Mart ayında İsrail gazetesi Haaretz, aralarında Sde Teiman'ın da bulunduğu iki tesiste yaklaşık 27 Filistinli tutuklunun gözaltında öldüğünü bildirdi.
Bu arada, hem Gazze'den hem de Batı Şeria'dan Filistinli tutukluların aileleri aylardır sevdiklerinin akıbetini merak etmek zorunda kalırken, İsrail hapishanelerinden serbest bırakılanlardan korku hikayeleri gelmeye devam ediyor ve bu da ailelerin endişelerini daha da arttırıyor.

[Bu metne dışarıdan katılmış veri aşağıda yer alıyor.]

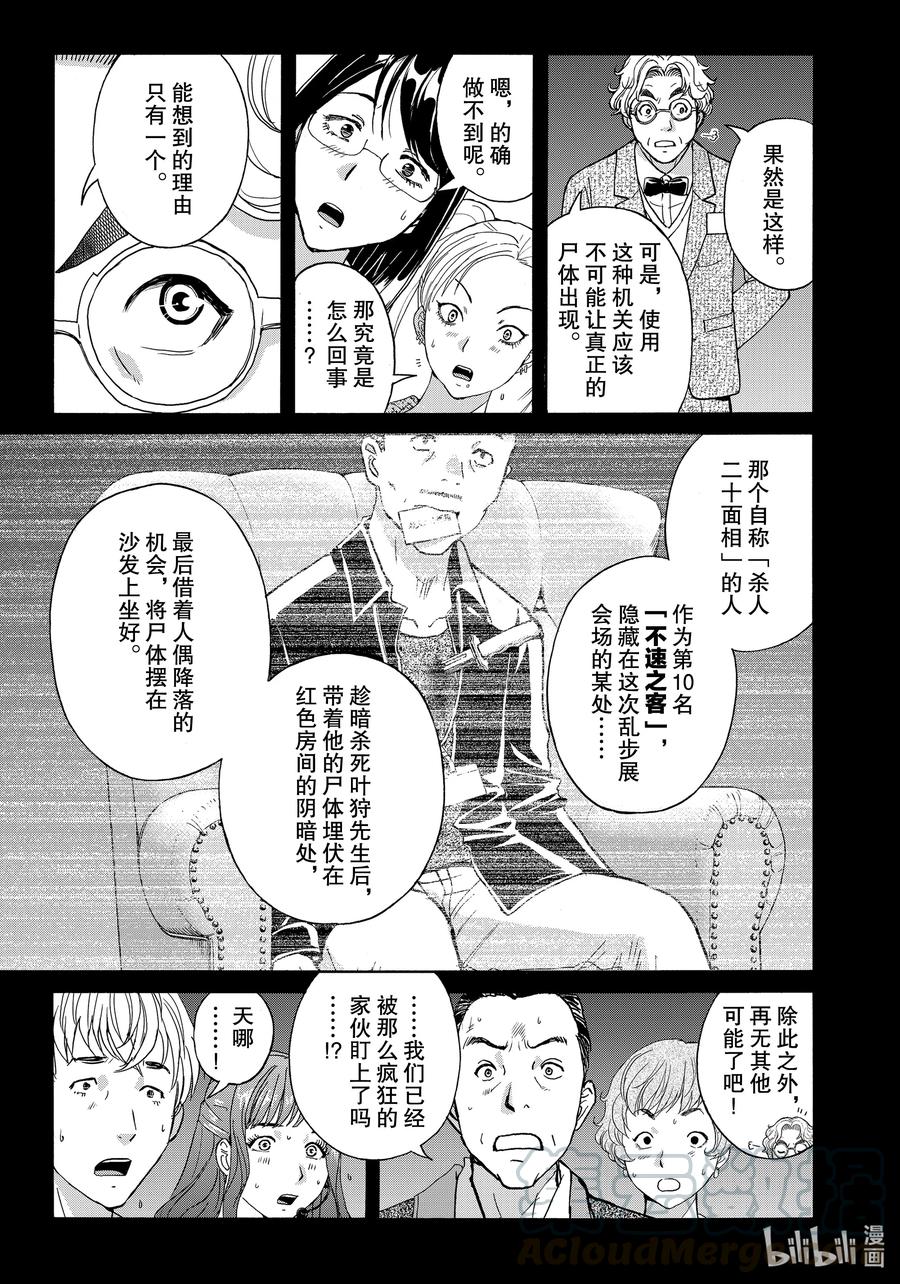 金田一37岁事件簿 - 85 红色房间 - 第17张图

Muaddi, dış dünyayla bağlantısı kesilen, avukatları ya da akrabalarıyla temas kurmaları haftalarca engellenen Filistinli mahkumların sayısının 9 bin 300 olduğunu aktarıyor.
Bu mahkumlardan 250'sinin çocuk, 78'inin kadın olduğu biliniyor.
Bu kamplar, İsrail'in geçtiğimiz Aralık ayında Knesset tarafından kabul edilen ve ordunun şüpheli militanları gözaltına alma yetkisini genişleten Yasadışı Savaşçılar Yasası'nın altyapısının bir parçası.
Yasa, ordunun tutuklama emri olmaksızın kişileri 45 gün gözaltında tutmasına izin veriyor ve bu sürenin sonunda 9 binden fazla Filistinlinin, hak gruplarının 7 Ekim'den bu yana büyük ölçüde kötüleştiğini söylediği koşullarda tutulduğu İsrail'in resmi ceza infaz kurumuna nakledilmeleri gerekiyor.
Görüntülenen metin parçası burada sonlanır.